--- TASK INSTRUCTIONS ---
Restate each of the lines given below, word for word.

(Web page caption snippets)
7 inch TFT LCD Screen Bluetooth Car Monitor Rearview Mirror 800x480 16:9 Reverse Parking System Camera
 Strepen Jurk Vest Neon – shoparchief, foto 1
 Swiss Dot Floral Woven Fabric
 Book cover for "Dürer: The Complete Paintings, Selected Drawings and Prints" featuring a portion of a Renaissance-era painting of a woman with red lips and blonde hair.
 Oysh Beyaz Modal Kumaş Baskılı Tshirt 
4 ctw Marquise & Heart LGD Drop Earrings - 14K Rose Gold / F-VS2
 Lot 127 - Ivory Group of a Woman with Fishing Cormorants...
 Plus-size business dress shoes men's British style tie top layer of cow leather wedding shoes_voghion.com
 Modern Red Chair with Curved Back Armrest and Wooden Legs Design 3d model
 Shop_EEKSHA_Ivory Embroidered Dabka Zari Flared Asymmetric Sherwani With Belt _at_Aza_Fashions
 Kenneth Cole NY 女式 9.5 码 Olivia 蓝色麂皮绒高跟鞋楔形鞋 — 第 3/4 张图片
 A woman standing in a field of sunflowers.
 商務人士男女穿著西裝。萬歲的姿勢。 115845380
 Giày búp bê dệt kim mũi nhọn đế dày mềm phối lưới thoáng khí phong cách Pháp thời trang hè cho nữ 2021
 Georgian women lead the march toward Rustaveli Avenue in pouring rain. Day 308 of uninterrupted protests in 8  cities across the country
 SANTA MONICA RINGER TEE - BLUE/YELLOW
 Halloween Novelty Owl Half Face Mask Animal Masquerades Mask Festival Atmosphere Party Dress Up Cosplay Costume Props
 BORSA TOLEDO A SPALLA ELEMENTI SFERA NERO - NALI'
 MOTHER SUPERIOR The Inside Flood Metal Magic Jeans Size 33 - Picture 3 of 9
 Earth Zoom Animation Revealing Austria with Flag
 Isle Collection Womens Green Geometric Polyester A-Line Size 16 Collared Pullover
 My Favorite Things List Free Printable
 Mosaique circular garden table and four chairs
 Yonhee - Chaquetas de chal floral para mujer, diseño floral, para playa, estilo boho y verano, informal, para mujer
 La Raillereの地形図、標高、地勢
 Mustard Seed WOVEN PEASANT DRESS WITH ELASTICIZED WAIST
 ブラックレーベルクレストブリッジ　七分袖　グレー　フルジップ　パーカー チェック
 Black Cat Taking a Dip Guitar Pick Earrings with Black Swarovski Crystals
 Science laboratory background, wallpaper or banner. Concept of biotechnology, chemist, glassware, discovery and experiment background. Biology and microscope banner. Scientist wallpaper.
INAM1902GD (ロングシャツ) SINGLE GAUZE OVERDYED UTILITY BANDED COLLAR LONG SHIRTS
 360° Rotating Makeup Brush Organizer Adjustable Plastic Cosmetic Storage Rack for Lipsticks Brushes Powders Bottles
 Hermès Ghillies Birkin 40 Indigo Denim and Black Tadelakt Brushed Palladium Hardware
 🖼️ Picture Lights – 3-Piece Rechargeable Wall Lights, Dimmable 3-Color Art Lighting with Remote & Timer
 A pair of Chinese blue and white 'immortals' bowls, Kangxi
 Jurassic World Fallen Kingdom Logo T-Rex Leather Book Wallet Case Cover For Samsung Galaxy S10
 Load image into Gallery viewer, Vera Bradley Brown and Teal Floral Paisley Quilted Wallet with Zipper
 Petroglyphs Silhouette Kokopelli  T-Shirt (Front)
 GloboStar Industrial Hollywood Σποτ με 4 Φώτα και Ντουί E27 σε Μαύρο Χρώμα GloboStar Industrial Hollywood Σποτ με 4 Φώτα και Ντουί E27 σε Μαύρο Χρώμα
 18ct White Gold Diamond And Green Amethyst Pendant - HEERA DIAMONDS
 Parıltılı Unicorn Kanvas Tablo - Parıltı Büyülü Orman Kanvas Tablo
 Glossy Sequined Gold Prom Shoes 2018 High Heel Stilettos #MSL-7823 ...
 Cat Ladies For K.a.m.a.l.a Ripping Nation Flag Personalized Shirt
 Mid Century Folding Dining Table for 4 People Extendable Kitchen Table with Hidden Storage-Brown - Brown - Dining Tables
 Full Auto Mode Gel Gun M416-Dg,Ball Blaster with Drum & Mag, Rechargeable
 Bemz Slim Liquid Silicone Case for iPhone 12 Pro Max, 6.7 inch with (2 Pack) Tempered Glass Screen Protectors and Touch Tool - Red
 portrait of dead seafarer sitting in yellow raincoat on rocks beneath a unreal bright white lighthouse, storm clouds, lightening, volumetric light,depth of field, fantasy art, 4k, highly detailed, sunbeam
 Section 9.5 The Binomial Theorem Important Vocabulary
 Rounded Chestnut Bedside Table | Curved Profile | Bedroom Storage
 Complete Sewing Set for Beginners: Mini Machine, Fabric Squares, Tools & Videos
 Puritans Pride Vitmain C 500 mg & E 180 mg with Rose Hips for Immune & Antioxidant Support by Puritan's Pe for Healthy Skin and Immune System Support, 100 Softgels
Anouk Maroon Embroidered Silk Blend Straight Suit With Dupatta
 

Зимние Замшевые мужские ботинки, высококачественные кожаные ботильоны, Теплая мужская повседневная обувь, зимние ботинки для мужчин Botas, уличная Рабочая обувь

--- FINAL ANSWER ---
7 inch TFT LCD Screen Bluetooth Car Monitor Rearview Mirror 800x480 16:9 Reverse Parking System Camera
 Strepen Jurk Vest Neon – shoparchief, foto 1
 Swiss Dot Floral Woven Fabric
 Book cover for "Dürer: The Complete Paintings, Selected Drawings and Prints" featuring a portion of a Renaissance-era painting of a woman with red lips and blonde hair.
 Oysh Beyaz Modal Kumaş Baskılı Tshirt 
4 ctw Marquise & Heart LGD Drop Earrings - 14K Rose Gold / F-VS2
 Lot 127 - Ivory Group of a Woman with Fishing Cormorants...
 Plus-size business dress shoes men's British style tie top layer of cow leather wedding shoes_voghion.com
 Modern Red Chair with Curved Back Armrest and Wooden Legs Design 3d model
 Shop_EEKSHA_Ivory Embroidered Dabka Zari Flared Asymmetric Sherwani With Belt _at_Aza_Fashions
 Kenneth Cole NY 女式 9.5 码 Olivia 蓝色麂皮绒高跟鞋楔形鞋 — 第 3/4 张图片
 A woman standing in a field of sunflowers.
 商務人士男女穿著西裝。萬歲的姿勢。 115845380
 Giày búp bê dệt kim mũi nhọn đế dày mềm phối lưới thoáng khí phong cách Pháp thời trang hè cho nữ 2021
 Georgian women lead the march toward Rustaveli Avenue in pouring rain. Day 308 of uninterrupted protests in 8  cities across the country
 SANTA MONICA RINGER TEE - BLUE/YELLOW
 Halloween Novelty Owl Half Face Mask Animal Masquerades Mask Festival Atmosphere Party Dress Up Cosplay Costume Props
 BORSA TOLEDO A SPALLA ELEMENTI SFERA NERO - NALI'
 MOTHER SUPERIOR The Inside Flood Metal Magic Jeans Size 33 - Picture 3 of 9
 Earth Zoom Animation Revealing Austria with Flag
 Isle Collection Womens Green Geometric Polyester A-Line Size 16 Collared Pullover
 My Favorite Things List Free Printable
 Mosaique circular garden table and four chairs
 Yonhee - Chaquetas de chal floral para mujer, diseño floral, para playa, estilo boho y verano, informal, para mujer
 La Raillereの地形図、標高、地勢
 Mustard Seed WOVEN PEASANT DRESS WITH ELASTICIZED WAIST
 ブラックレーベルクレストブリッジ　七分袖　グレー　フルジップ　パーカー チェック
 Black Cat Taking a Dip Guitar Pick Earrings with Black Swarovski Crystals
 Science laboratory background, wallpaper or banner. Concept of biotechnology, chemist, glassware, discovery and experiment background. Biology and microscope banner. Scientist wallpaper.
INAM1902GD (ロングシャツ) SINGLE GAUZE OVERDYED UTILITY BANDED COLLAR LONG SHIRTS
 360° Rotating Makeup Brush Organizer Adjustable Plastic Cosmetic Storage Rack for Lipsticks Brushes Powders Bottles
 Hermès Ghillies Birkin 40 Indigo Denim and Black Tadelakt Brushed Palladium Hardware
 🖼️ Picture Lights – 3-Piece Rechargeable Wall Lights, Dimmable 3-Color Art Lighting with Remote & Timer
 A pair of Chinese blue and white 'immortals' bowls, Kangxi
 Jurassic World Fallen Kingdom Logo T-Rex Leather Book Wallet Case Cover For Samsung Galaxy S10
 Load image into Gallery viewer, Vera Bradley Brown and Teal Floral Paisley Quilted Wallet with Zipper
 Petroglyphs Silhouette Kokopelli  T-Shirt (Front)
 GloboStar Industrial Hollywood Σποτ με 4 Φώτα και Ντουί E27 σε Μαύρο Χρώμα GloboStar Industrial Hollywood Σποτ με 4 Φώτα και Ντουί E27 σε Μαύρο Χρώμα
 18ct White Gold Diamond And Green Amethyst Pendant - HEERA DIAMONDS
 Parıltılı Unicorn Kanvas Tablo - Parıltı Büyülü Orman Kanvas Tablo
 Glossy Sequined Gold Prom Shoes 2018 High Heel Stilettos #MSL-7823 ...
 Cat Ladies For K.a.m.a.l.a Ripping Nation Flag Personalized Shirt
 Mid Century Folding Dining Table for 4 People Extendable Kitchen Table with Hidden Storage-Brown - Brown - Dining Tables
 Full Auto Mode Gel Gun M416-Dg,Ball Blaster with Drum & Mag, Rechargeable
 Bemz Slim Liquid Silicone Case for iPhone 12 Pro Max, 6.7 inch with (2 Pack) Tempered Glass Screen Protectors and Touch Tool - Red
 portrait of dead seafarer sitting in yellow raincoat on rocks beneath a unreal bright white lighthouse, storm clouds, lightening, volumetric light,depth of field, fantasy art, 4k, highly detailed, sunbeam
 Section 9.5 The Binomial Theorem Important Vocabulary
 Rounded Chestnut Bedside Table | Curved Profile | Bedroom Storage
 Complete Sewing Set for Beginners: Mini Machine, Fabric Squares, Tools & Videos
 Puritans Pride Vitmain C 500 mg & E 180 mg with Rose Hips for Immune & Antioxidant Support by Puritan's Pe for Healthy Skin and Immune System Support, 100 Softgels
Anouk Maroon Embroidered Silk Blend Straight Suit With Dupatta
 

Зимние Замшевые мужские ботинки, высококачественные кожаные ботильоны, Теплая мужская повседневная обувь, зимние ботинки для мужчин Botas, уличная Рабочая обувь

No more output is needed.